::: DATASET :::
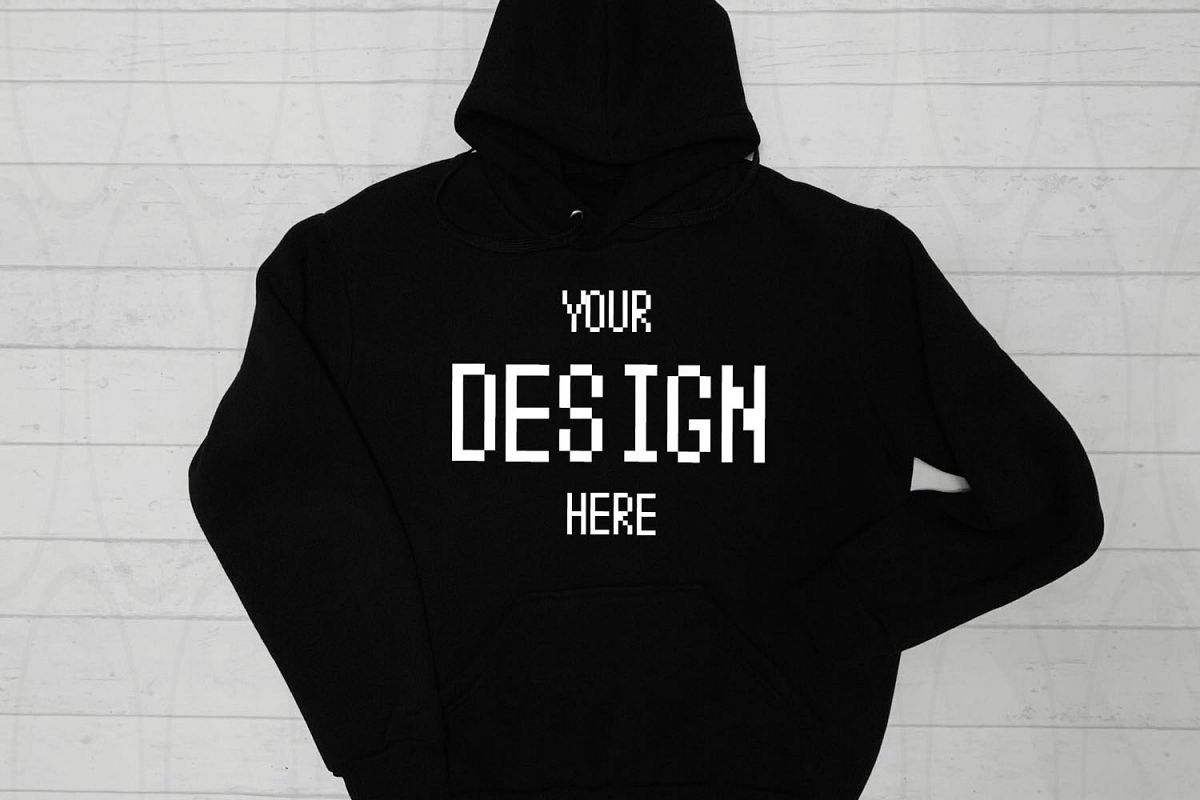 Hooded Sweatshirt Brand Black hoodie Mockup White Wooden example image 1
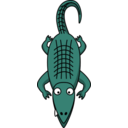 download Cartoon Alligator clipart image with 90 hue color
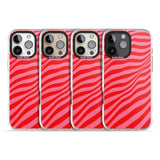 iPhone 16 Pro Max Pink & Red Distorted Line Black Impact Phone Case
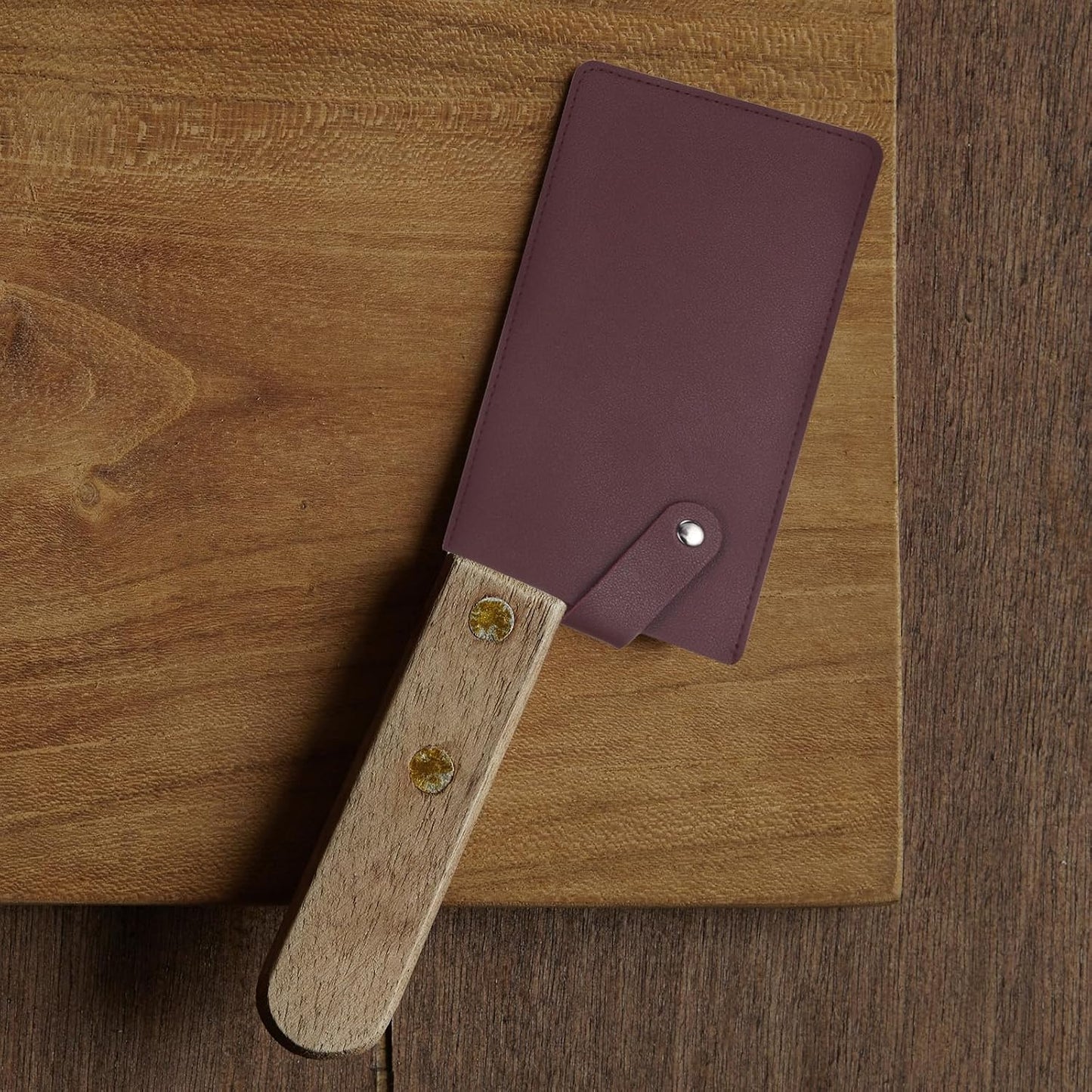 PU Leather Knife Meat Cleaver Sheath, Waterproof Chef Knife Guards Wide Knife Protector Cleaver Cover for Home Kitchen, Brown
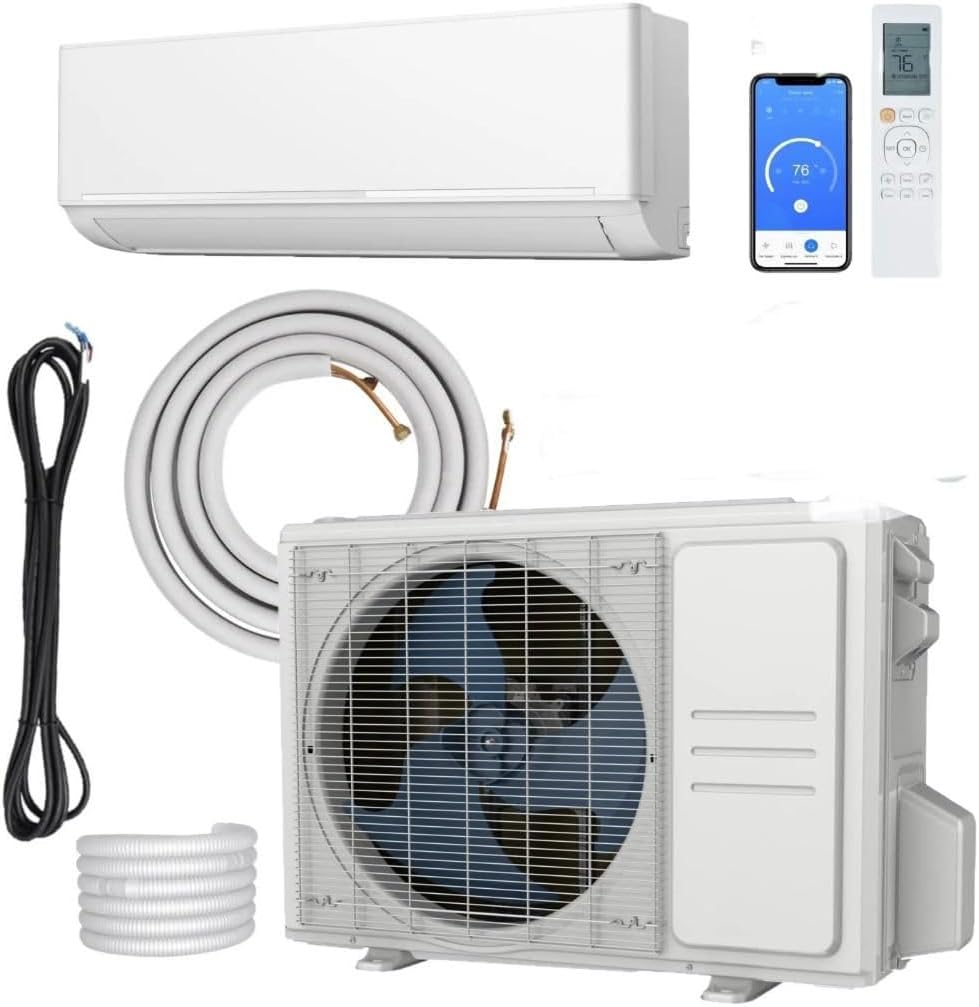 24000 BTU Air Conditioner Wall Split Wi Fi 5 In 1 Air Cooler Dehumidifier Heater Air Purifier Fan With Heat Pump Remote Control 6.8 kW A++ Rating Pipe and Installation Kit Included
:::
Would you return all the data exactly as given, minus the pictures?

 Hooded Sweatshirt Brand Black hoodie Mockup White Wooden example image 1
 download Cartoon Alligator clipart image with 90 hue color
 iPhone 16 Pro Max Pink & Red Distorted Line Black Impact Phone Case
 PU Leather Knife Meat Cleaver Sheath, Waterproof Chef Knife Guards Wide Knife Protector Cleaver Cover for Home Kitchen, Brown
 24000 BTU Air Conditioner Wall Split Wi Fi 5 In 1 Air Cooler Dehumidifier Heater Air Purifier Fan With Heat Pump Remote Control 6.8 kW A++ Rating Pipe and Installation Kit Included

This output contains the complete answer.